▽
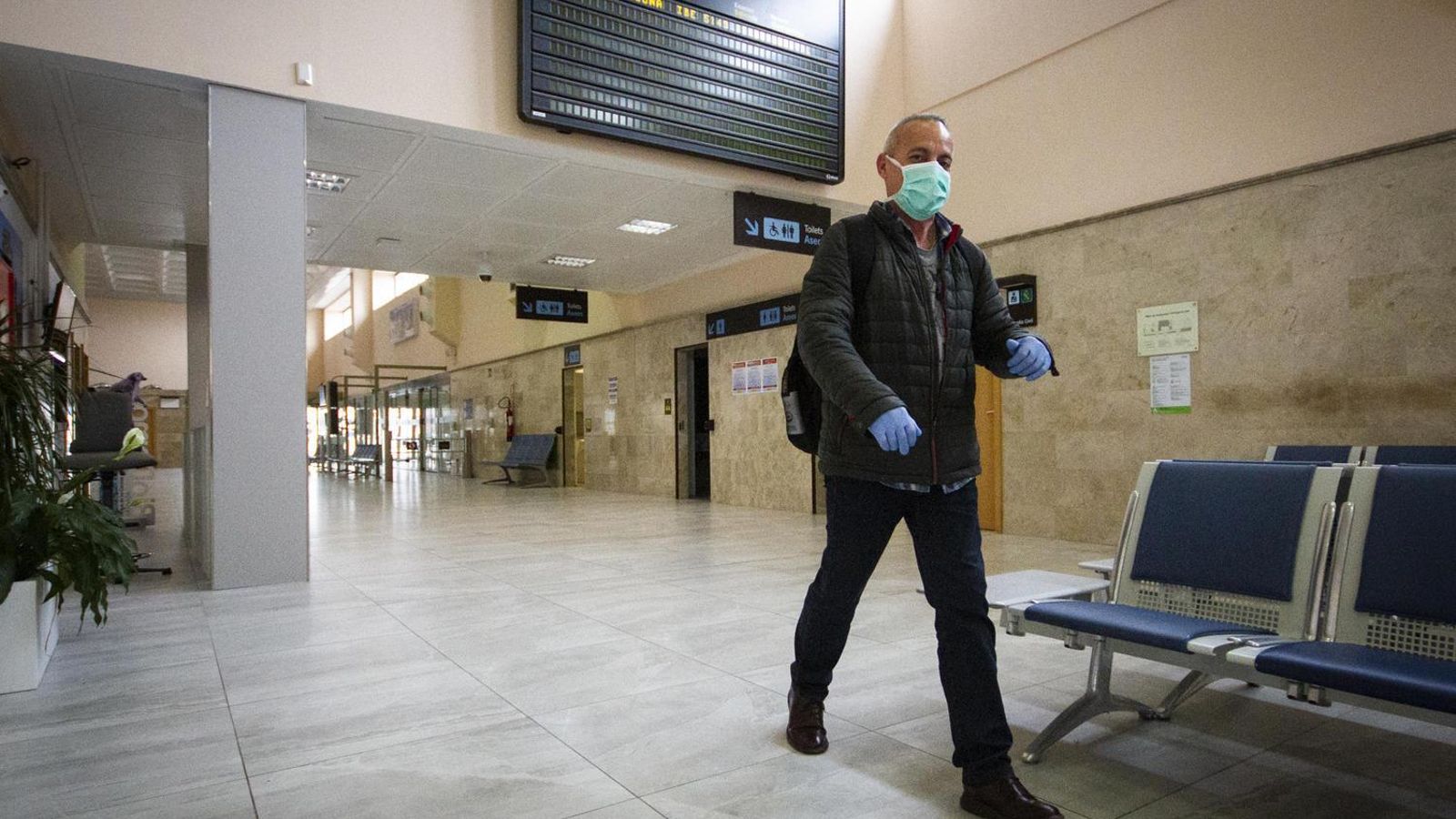 Un pasajero aterriza en Granada en abril de 2020, en pleno confinamiento a causa de la pandemia del Covid-19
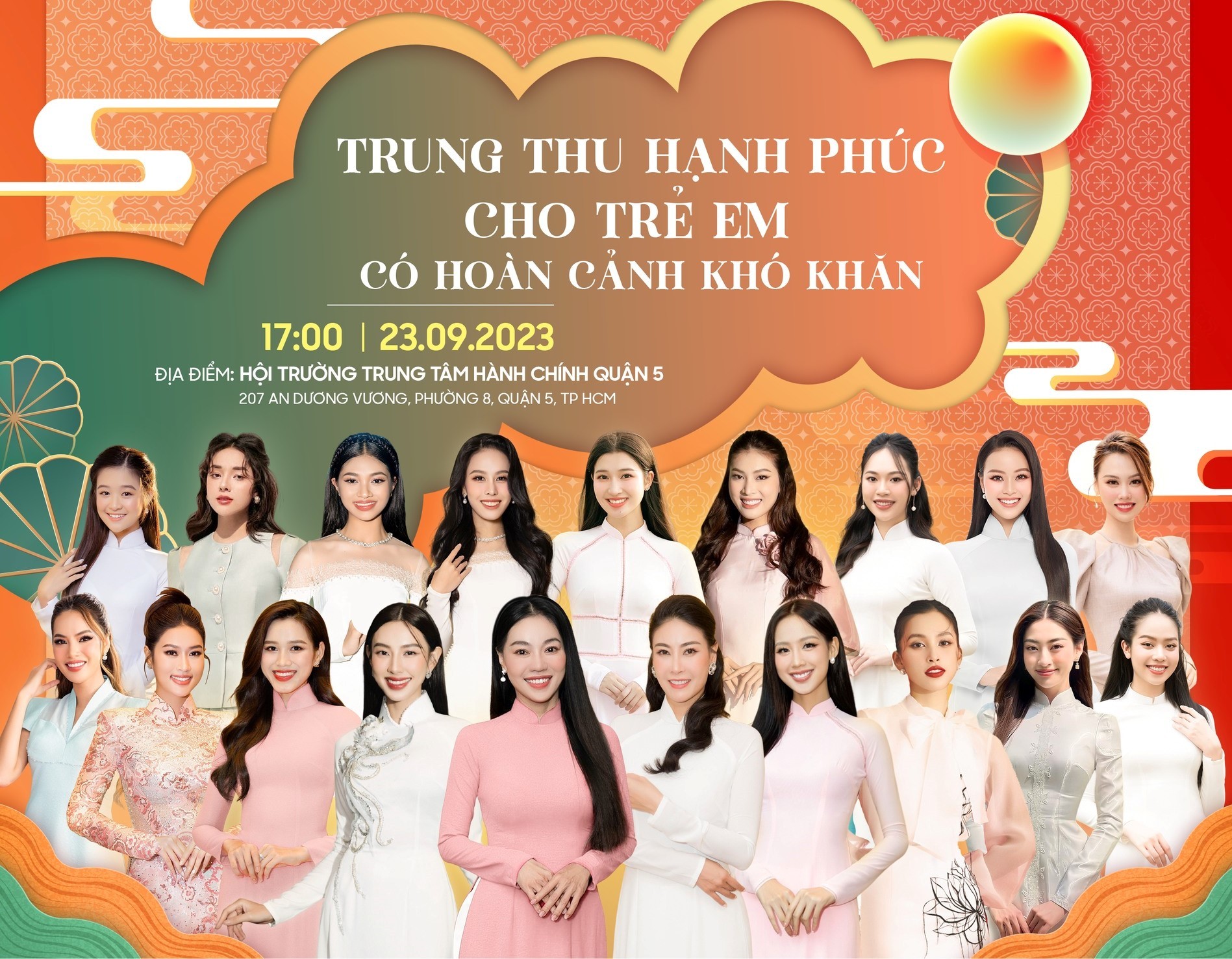 Dàn hậu tham gia chương trình trao quà Trung thu cho trẻ em có hoàn cảnh khó khăn tại TP.HCM vào chiều 23/9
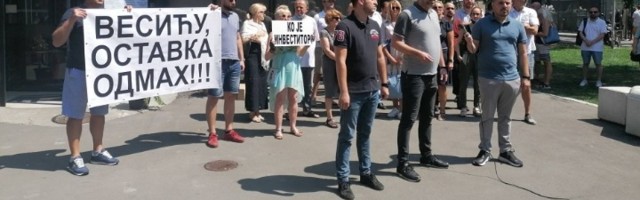 VESIĆU, OSTAVKA ODMAH! Peti protest dela opozicije na Vračaru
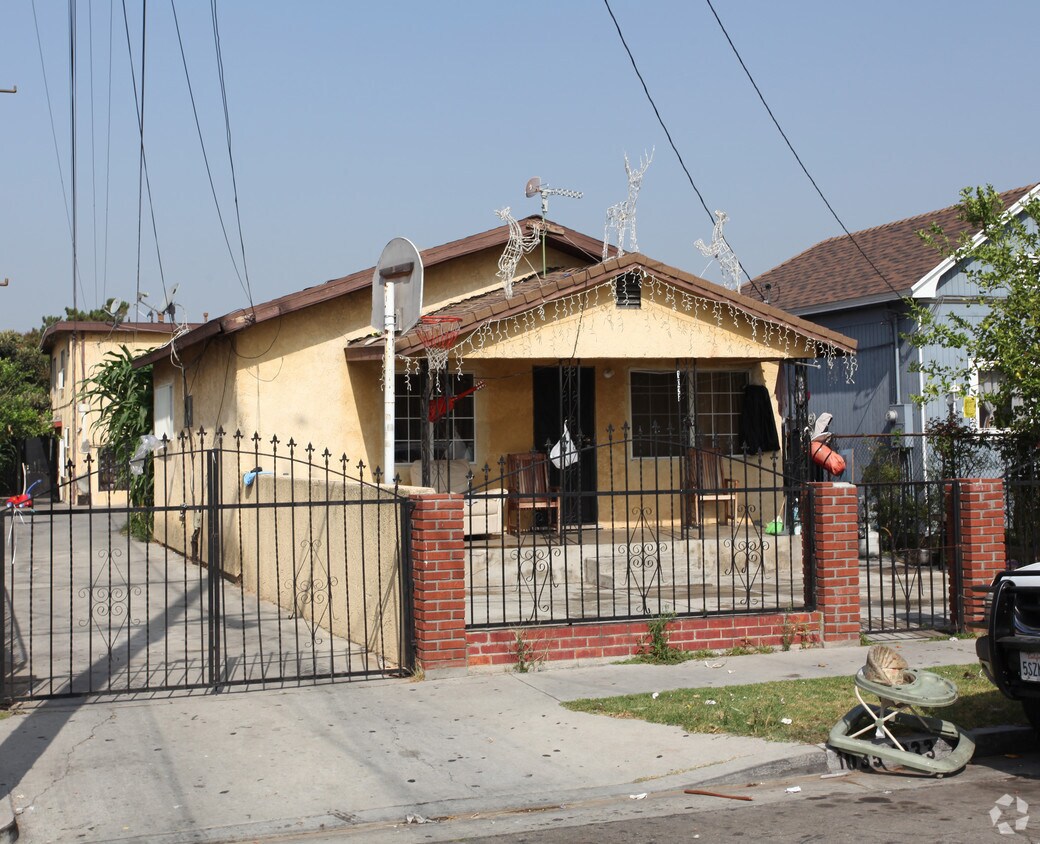 Primary Photo - 1033 S Gage Ave
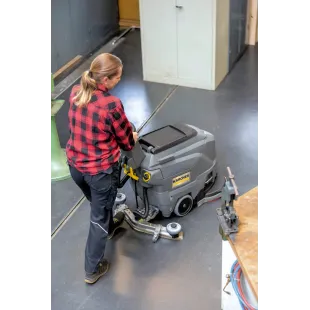 Karcher BD 43/25 C Bp – Szorowarka bateryjna | 1.515-400.0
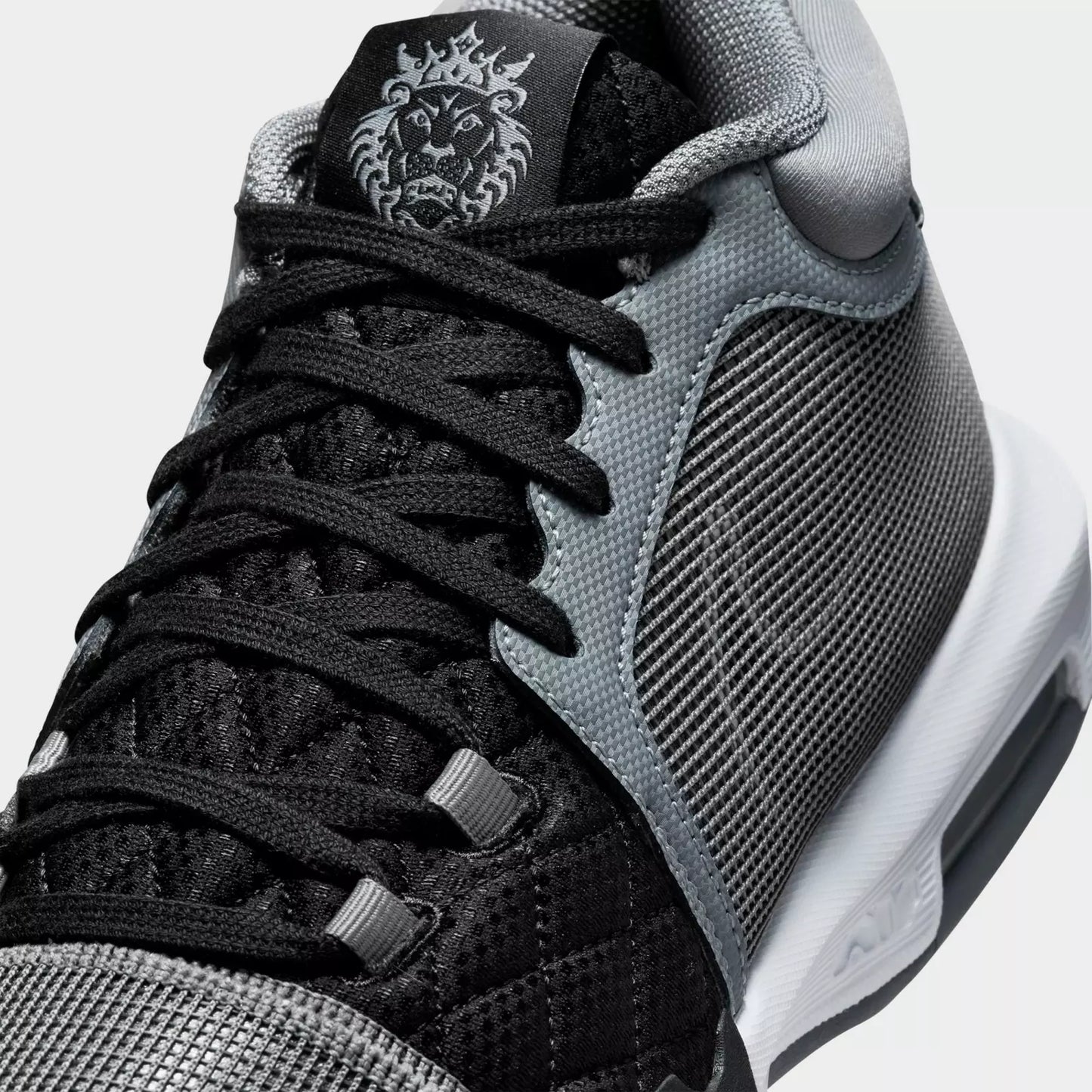 Men's Nike LeBron Witness 8 Basketball Shoes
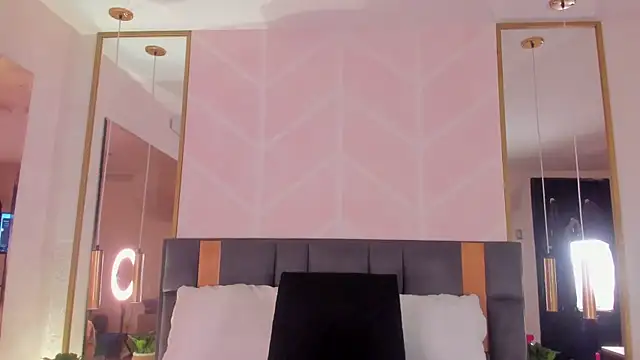 GabyPetit online show from 12-19-25, 07:49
△
## Instructions to follow
Copy the records exactly as they appear, excluding images.

## Exercise answer
 Un pasajero aterriza en Granada en abril de 2020, en pleno confinamiento a causa de la pandemia del Covid-19
 Dàn hậu tham gia chương trình trao quà Trung thu cho trẻ em có hoàn cảnh khó khăn tại TP.HCM vào chiều 23/9
 VESIĆU, OSTAVKA ODMAH! Peti protest dela opozicije na Vračaru
 Primary Photo - 1033 S Gage Ave
 Karcher BD 43/25 C Bp – Szorowarka bateryjna | 1.515-400.0
 Men's Nike LeBron Witness 8 Basketball Shoes
 GabyPetit online show from 12-19-25, 07:49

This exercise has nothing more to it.